Custom compiler specifications support the following members:

commandsThe commands used for for generating the output from the input.
CONFIGSpecific configuration options for the custom compiler. See the CONFIG table for details.
depend_commandSpecifies a command used to generate the list of dependencies for the output.
dependency_typeSpecifies the type of file the output is. If it is a known type (such as TYPE_C, TYPE_UI, TYPE_QRC), it is handled as one of those type of files.
dependsSpecifies the dependencies of the output file.
inputThe variable that specifies the files that should be processed with the custom compiler.
nameA description of what the custom compiler is doing. This is only used in some backends.
outputThe filename that is created from the custom compiler.
output_functionSpecifies a custom qmake function that is used to specify the filename to be created.
variablesIndicates that the variables specified here are replaced with $(QMAKE_COMP_VARNAME) when referred to in the pro file as $(VARNAME).
variable_outThe variable that the files created from the output should be added to.

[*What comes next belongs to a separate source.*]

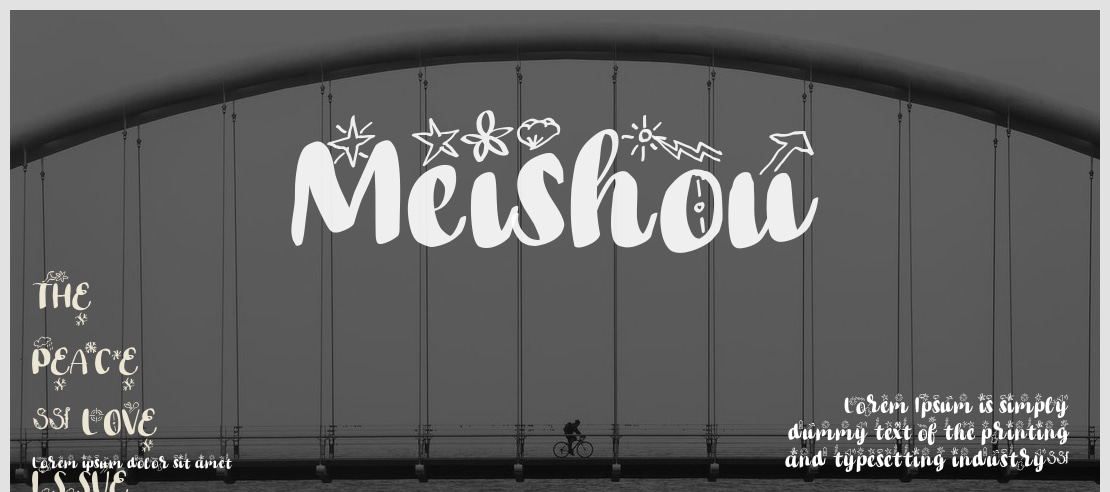 Meishou Font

The CONFIG member supports the following options:

combineIndicates that all of the input files are combined into a single output file.
target_predepsIndicates that the output should be added to the list of PRE_TARGETDEPS.
explicit_dependenciesThe dependencies for the output only get generated from the depends member and from nowhere else.
dep_existing_onlyEvery dependency that is a result of .depend_command is checked for existence. Non-existing dependencies are ignored. This value was introduced in Qt 5.13.2.
dep_linesThe output from the .depend_command is interpreted to be one file per line. The default is to split on whitespace and is maintained only for backwards compatibility reasons.
no_linkIndicates that the output should not be added to the list of objects to be linked in.

Library Dependencies

Often when linking against a library, qmake relies on the underlying platform to know what other libraries this library links against, and lets the platform pull them in. In many cases, however, this is not sufficient. For example, when statically linking a library, no other libraries are linked to, and therefore no dependencies to those libraries are created. However, an application that later links against this library will need to know where to find the symbols that the static library will require. qmake attempts to keep track of the dependencies of a library, where appropriate, if you explicitly enable tracking.

The first step is to enable dependency tracking in the library itself. To do this you must tell qmake to save information about the library:

CONFIG += create_prl

This is only relevant to the lib template, and will be ignored for all others. When this option is enabled, qmake will create a file ending in .prl which will save some meta-information about the library. This metafile is just like an ordinary project file, but only contains internal variable declarations. When installing this library, by specifying it as a target in an INSTALLS declaration, qmake will automatically copy the .prl file to the installation path.

The second step in this process is to enable reading of this meta information in the applications that use the static library:

CONFIG += link_prl

When this is enabled, qmake will process all libraries linked to by the application and find their meta-information. qmake will use this to determine the relevant linking information, specifically adding values to the application project file's list of DEFINES as well as LIBS. Once qmake has processed this file, it will then look through the newly introduced libraries in the LIBS variable, and find their dependent .prl files, continuing until all libraries have been resolved. At this point, the Makefile is created as usual, and the libraries are linked explicitly against the application.

The .prl files should be created by qmake only, and should not be transferred between operating systems, as they may contain platform-dependent information.